Reuters reports that Greylag Goose Leasing 1410 and 1446, SPVs used by the New York-based Avenue Capital Aircraft Holdings, filed applications to nullify the restructuring at the Central Jakarta District Court on February 6, 2023. The two SPVs, which each leased a single widebody Airbus to Garuda in 2013, have proved outliers amongst the airline's many creditors by refusing to support the court-approved restructuring process, preferring insolvency, and waging an ongoing legal campaign to achieve this. Garuda had successfully persuaded enough of its creditors to accept payment of USD5.1 billion (mostly in equity) on total claims of USD9.5 billion to get the Central Jakarta District Court to ratify the debt restructuring agreement in October 2022.

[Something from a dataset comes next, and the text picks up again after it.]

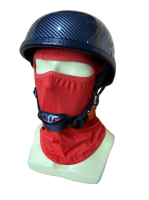 Scout Шлем корка Skin Carbon б/р в Астрахани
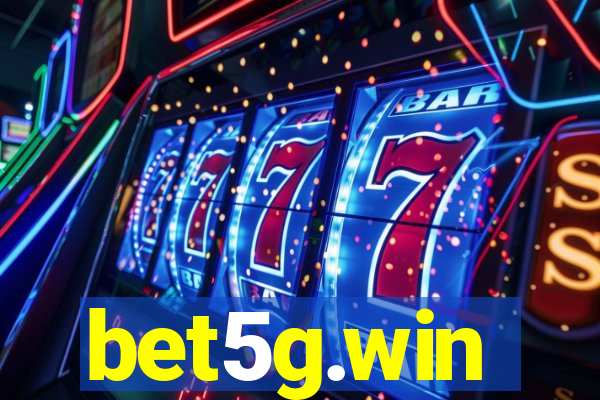 bet5g.win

But in this week's filing, the SPV's allege negligence during the restructuring, saying that the airline has failed to carry out its obligations, and requested that Garuda be declared bankrupt. Similar windup attempts by the Greylag SPVs last year in courts in Australia, France, and Indonesia failed.

Greylag Goose Leasing 1410's A330-200 PK-GPQ (msn 1410) and Greylag Goose Leasing 1446's A330-300 PK-GPR (msn 1446) remain idle at Jakarta's Soekarno Hatta Airport, with Avenue Capital reportedly refusing to take possession of the unwanted planes. Last year, after Garuda's administrators worked through creditor claims, the Greylag SPVs refused to accept the offered IDR2.3 trillion rupiah (USD152 million dollars), saying that they were owed IDR5.99 trillion (USD395.8 million). Avenue Capital declined ch-aviation's request for comment.

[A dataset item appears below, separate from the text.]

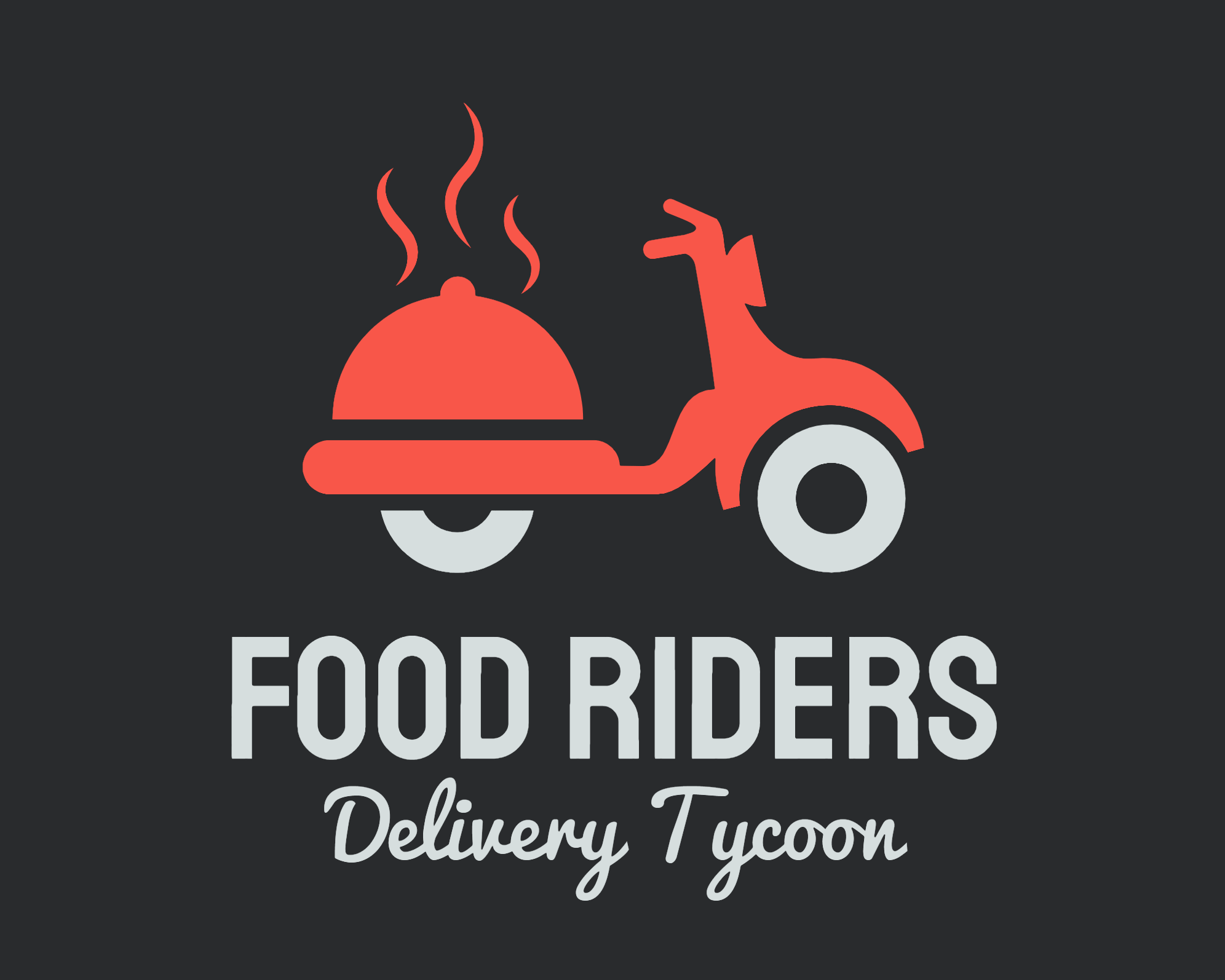 Food Riders by bouiboui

In a February 8 statement, Garuda chief executive Irfan Setiaputra said the airline was yet to receive formal notice from the court of the new lawsuit. In early January, the airline hit back over last year's lawsuits, filing its own countersuit against the SPVs for IDR10 trillion (USD660.8 million) in damages and compensation. Among other matters, Garuda Indonesia alleges that the two Greylag entities unlawfully attempted to obtain settlements outside the agreed provisions of the court-approved restructuring plan. That matter remains before the Indonesian courts.